É tudo muito diferente daquela vez quando a Câmara proibiu que um deputado fosse processado pelo regime militar
A história que se repete para nós não é uma farsa, tragédia, nem sequer uma rima tem. Em 1968, o AI-5 foi decretado para punir uma Câmara dos Deputados que impedira que fosse processado um deputado que defendia liberdades cerceadas pelos militares no poder. A atual Câmara dos Deputados – depois de uma ditadura, uma redemocratização e uma Constituição – vai se ocupar da situação de um deputado que usa das liberdades reconquistadas por gerações de brasileiros para propor acabar com essas liberdades.
Do ponto de vista do estado de direito e do funcionamento de suas instituições era mais fácil então identificar onde estava o “bem” e o “mal”. Não, não é a questão da “liberdade de expressão” consagrada na imunidade parlamentar: essa proteção não é absoluta nem existe para a prática de delitos penais e o incitamento do golpe e destruição da ordem democrática. O pano de fundo muito mais preocupante é o da legitimidade das instituições envolvidas.
Começa pelo STF. Uma parte relevante da “insegurança jurídica” que caracteriza as relações na sociedade brasileira se deve à atuação política desse órgão. E do entendimento, entre seus integrantes, de qual seria o melhor efeito político ao tomarem decisões que fizeram da Constituição (que cabe ao STF zelar) uma questão de interpretação dependendo das circunstâncias do momento. Com ministros dando rasteiras em ministros.
Essa noção (a da instabilidade causada por canetadas de magistrados), mais a situação de caos social com a greve dos caminhoneiros, é o que estava na raiz do “pronunciamiento” em 2018 do então comandante do Exército, general Villas Bôas. Na prática, o coletivo do STF aceitou o que dizia o oficial. Naquele mesmo ano assumiu um novo presidente da Corte e, num entendimento peculiar com o próprio general, aceitou-se como um dos principais assessores do presidente do STF quem até ali fora o chefe de Estado-Maior do Exército (e hoje é o ministro da Defesa). Tudo em nome da pacificação e estabilização da atmosfera política.

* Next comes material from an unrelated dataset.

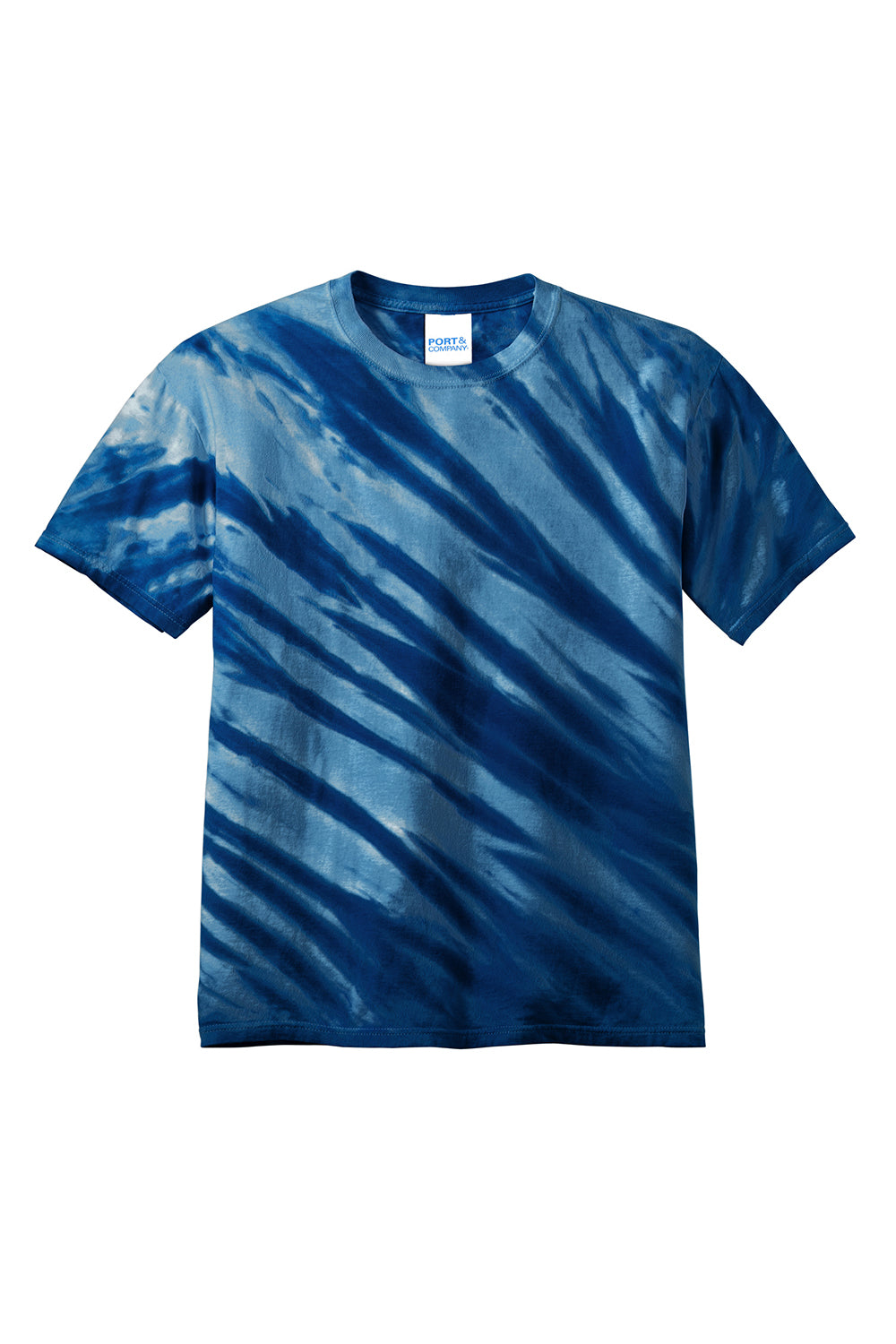 Port & Company PC148 Mens Tie-Dye Short Sleeve Crewneck T-Shirt Navy Blue Flat Front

A franja aloprada do bolsonarismo, eleita com expressiva votação na onda disruptiva daquele ano, dedicou-se desde sempre a atacar qualquer instituição ou nome entendido como obstáculo ou adversário do “mito”, em boa parte incentivada por ele mesmo. Para efeitos práticos, foi acompanhada por alguns militares que, de fato, passaram a enxergar no STF um tolhimento inconstitucional dos poderes do chefe do Executivo. Até ele entender-se prazerosamente com o “Centrão”, esse velho conjunto de forças políticas em parte conduzido por gente notória por colidir com a ética, a moral e o Código Penal.
O Legislativo brasileiro, a quem cabe a relevante decisão política sobre o deputado aloprado bolsonarista, vem perdendo qualidade e sofre com extraordinária fragmentação. São resultados muito evidentes de décadas de desgaste do sistema político. No topo desse desgaste figura exatamente a questão da representatividade, ou seja, do distanciamento entre quem elege e quem foi eleito – como ocorre com outros fenômenos do populismo moderno (como Trump), há mais do que um grão de verdade na denúncia que esses movimentos fazem “disso tudo que está aí”.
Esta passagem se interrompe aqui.